I haven’t read much from the ‘erotica’ genre but I’m pretty sure it’s not written to make me laugh-out-loud. Fifty Shades of Grey did. The absurd use of language and the constant references to the main character, Ana’s, subconscious and inner-goddess were hysterical. For example –
“And from a very tiny, underused part of my brain – probably located at the base of my medulla oblongata where my subconscious dwells…” (there are at least three more references to Ana’s medulla oblongata).
“You beguile me, Christian.”
“I feel a paradigm shift.” Really? What was it on the Richter scale?
“‘I brought you here,’ he says phlegmatically.” Romantic, no?
Please! Someone hide E. L. James’s thesaurus!
If FSoG ever gets made into a movie, Ana’s subconscious and her inner-goddess will have starring roles. The props department will also have to find Ana a suitable ‘equilibrium’ and a ‘psyche’ –
“Desperately, I scrabble around for my equilibrium.” *Where is my equilibrium? I know I put it somewhere!*
“I slap it down instantly, mortified that my psyche is having ideas above its station.”
Although it’s tempting to share all the hilarious high jinx that Ana’s subconscious and inner goddess get up to, there are simply too many references. As well as kicking, imploring, pursing their lips, mocking, “metaphorically screaming”, tapping their foot in frustration, yelling, sneering , laughing, swooning, dancing and sitting in the lotus position, you’ll find –
“My inner goddess is doing the merengue with some salsa moves.”
“My subconscious screams at me. My inner goddess is doing back flips in a routine worthy of a Russian Olympic gymnast.”
“My subconscious swoons and passes out somewhere in the back of my head.” *Might that ‘somewhere’ be near your medulla oblongata, Ana?*
“My subconscious scowls at me… fucking – not lovemaking – she screams at me like a harpy.”

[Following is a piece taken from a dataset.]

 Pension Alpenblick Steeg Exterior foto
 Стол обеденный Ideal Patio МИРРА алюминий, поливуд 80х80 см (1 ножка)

“My subconscious has reared her somnambulant head.” *Bingo! Thesaurus and subconscious together in one outing.*
Am I being a snob in finding these descriptions so terrible that they’re funny? Perhaps. Anyway, there were a few saving graces. The email exchanges between Ana and Christian were often quite witty – it’s a shame James didn’t apply this sharper writing style to the rest of the text. I also liked the fact that Ana didn’t take herself too seriously – there were plenty of bits where Ana says to herself “Holy crap! That flogger looks scary!” and “Hell! He’s been working out!” (or words to that effect). Readers can also be thankful for the fact that James spared us any reference to the “love mound” or “mound of Venus” – things in that department were pretty much correctly anatomically referenced.
Mention must also be made of Ana’s mother and her advice to Ana regarding men – “In the back of my mind, my mother’s often-recited warning comes to me: Never trust a man who can dance.” Huh. I think there might be some truth in that… I’ll file that one away!
I could go with a cliché and pair this book with oysters or a similar aphrodisiac but I’m going to instead pick out one refreshingly accurate detail in the book – Christian’s preference for Hendricks gin. I also prefer Hendricks.
1/5 – it was terrible but I’m not sorry I read it.
* I’ve read the Twilight series. Again, books that don’t fall into my usual reading genre. I’m not afraid to say that I loved Twilight. It was ridiculous but it was also romantic. And Meyer redefined ‘stringing out a moment’!